We assume that if there is a homogeneous class of musical or linguistic elements set up on the basis of a property that is relevant for the use of music or language, then the exploitation of these elements abides by its own laws in the sense that their frequency of occurrence displays a regularity which can be modelled by a monotone decreasing rank-frequency distribution. This assumption has three consequences: (i) The frequencies of occurrence of members of any linguistic or musical (jointly “textual”) class are not equal, i.e., they do not follow the discrete uniform distribution, (ii) it is a consequence of some generating mechanism, i.e., it is lawlike (cf. Bunge, 1967, p. 16: “Everything abides by laws”), and it must have developed historically in order to fulfil some human needs (cf.
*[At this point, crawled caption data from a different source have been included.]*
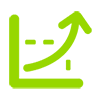 Drive Efficiency And Growth Icon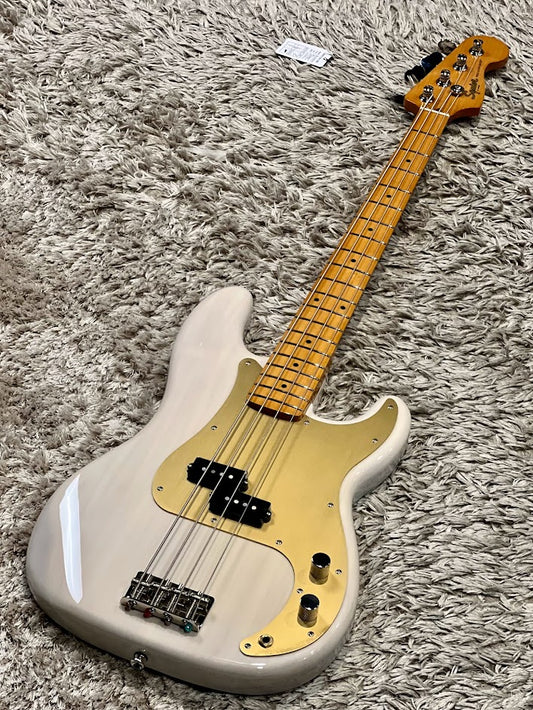 Squier FSR Classic Vibe Late 50s Precision Bass Guitar with Maple FB in White Blonde
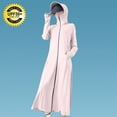 thumbnail image 6 of successthop Sun Protection Clothing Women Hooded 闀挎 Long Sleeve Solid Jacket for Outdoor Driving Traveling Hiking Fishing Pink Free Size, 6 of 7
Köhler, 1991), (iii) if one succeeds in finding some laws capturing this phenomenon (and there are a number of successful models) then these laws are in turn the best criteria of “correctness”, “naturalness”, “prolificness” of class formation, i.e., a class is prolific if its rank-frequency distribution follows the given law. As a matter of fact, hypotheses of this kind are well known both in linguistics and in musicology. The most famous is, of course, the “Zipf-Mandelbrot law” (cf., e.g., Orlov, Boroda & Nadarejšvili, 1982; Guiter & Arapov, 1982; Tuldava, 1998) but there are a number of other hypotheses (cf. Chitashvili & Baayen, 1993; Martindale et al., 1996; Wimmer & Wimmerová, 1998; Altmann, 1991; Rothe, 1991; Arapov, 1989, etc.) which still build membra disiecta and wait for systematization. Most probably we shall never obtain a theory encompassing all cases of rank-order laws – because the “causes” and modes of ranking are infinite – so that at present it is necessary to look for ever new foundations of ranking. In this contribution we shall try to show another way of setting up hypotheses of this kind.